__INSTRUCTIONS TO FOLLOW__
Please copy, word for word, the line that contains "Brazil v Panama" and every line after it through the end of the records, and nothing more.

__RECORDS SHOWN__
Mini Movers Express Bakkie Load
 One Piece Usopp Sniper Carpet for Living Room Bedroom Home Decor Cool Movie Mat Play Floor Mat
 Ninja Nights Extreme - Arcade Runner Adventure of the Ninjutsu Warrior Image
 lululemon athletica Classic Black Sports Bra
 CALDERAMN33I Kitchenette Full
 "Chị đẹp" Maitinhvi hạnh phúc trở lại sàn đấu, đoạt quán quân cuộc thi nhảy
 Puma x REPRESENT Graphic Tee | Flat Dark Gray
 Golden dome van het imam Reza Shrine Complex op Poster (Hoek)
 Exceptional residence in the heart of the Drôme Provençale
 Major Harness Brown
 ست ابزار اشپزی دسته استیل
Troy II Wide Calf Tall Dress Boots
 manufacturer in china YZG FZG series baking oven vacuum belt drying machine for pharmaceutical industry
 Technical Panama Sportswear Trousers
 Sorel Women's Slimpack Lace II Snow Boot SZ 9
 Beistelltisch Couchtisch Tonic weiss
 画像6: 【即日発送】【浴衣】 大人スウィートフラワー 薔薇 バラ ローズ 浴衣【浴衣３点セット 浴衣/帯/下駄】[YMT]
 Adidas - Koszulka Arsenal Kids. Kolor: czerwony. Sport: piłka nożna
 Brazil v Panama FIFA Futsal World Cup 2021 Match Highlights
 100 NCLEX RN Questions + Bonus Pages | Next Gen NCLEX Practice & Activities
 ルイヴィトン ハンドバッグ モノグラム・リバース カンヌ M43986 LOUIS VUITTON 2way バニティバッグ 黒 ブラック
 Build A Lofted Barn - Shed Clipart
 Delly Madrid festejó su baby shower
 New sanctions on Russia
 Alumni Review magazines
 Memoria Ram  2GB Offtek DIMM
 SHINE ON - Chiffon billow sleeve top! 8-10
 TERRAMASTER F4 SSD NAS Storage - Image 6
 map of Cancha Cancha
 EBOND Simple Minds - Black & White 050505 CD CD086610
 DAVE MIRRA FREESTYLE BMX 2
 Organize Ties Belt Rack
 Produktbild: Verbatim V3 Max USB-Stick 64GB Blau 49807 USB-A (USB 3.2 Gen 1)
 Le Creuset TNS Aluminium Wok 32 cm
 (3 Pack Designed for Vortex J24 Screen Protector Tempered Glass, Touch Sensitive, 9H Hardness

__OUTPUT OF THE TASK__
 Brazil v Panama FIFA Futsal World Cup 2021 Match Highlights
 100 NCLEX RN Questions + Bonus Pages | Next Gen NCLEX Practice & Activities
 ルイヴィトン ハンドバッグ モノグラム・リバース カンヌ M43986 LOUIS VUITTON 2way バニティバッグ 黒 ブラック
 Build A Lofted Barn - Shed Clipart
 Delly Madrid festejó su baby shower
 New sanctions on Russia
 Alumni Review magazines
 Memoria Ram  2GB Offtek DIMM
 SHINE ON - Chiffon billow sleeve top! 8-10
 TERRAMASTER F4 SSD NAS Storage - Image 6
 map of Cancha Cancha
 EBOND Simple Minds - Black & White 050505 CD CD086610
 DAVE MIRRA FREESTYLE BMX 2
 Organize Ties Belt Rack
 Produktbild: Verbatim V3 Max USB-Stick 64GB Blau 49807 USB-A (USB 3.2 Gen 1)
 Le Creuset TNS Aluminium Wok 32 cm
 (3 Pack Designed for Vortex J24 Screen Protector Tempered Glass, Touch Sensitive, 9H Hardness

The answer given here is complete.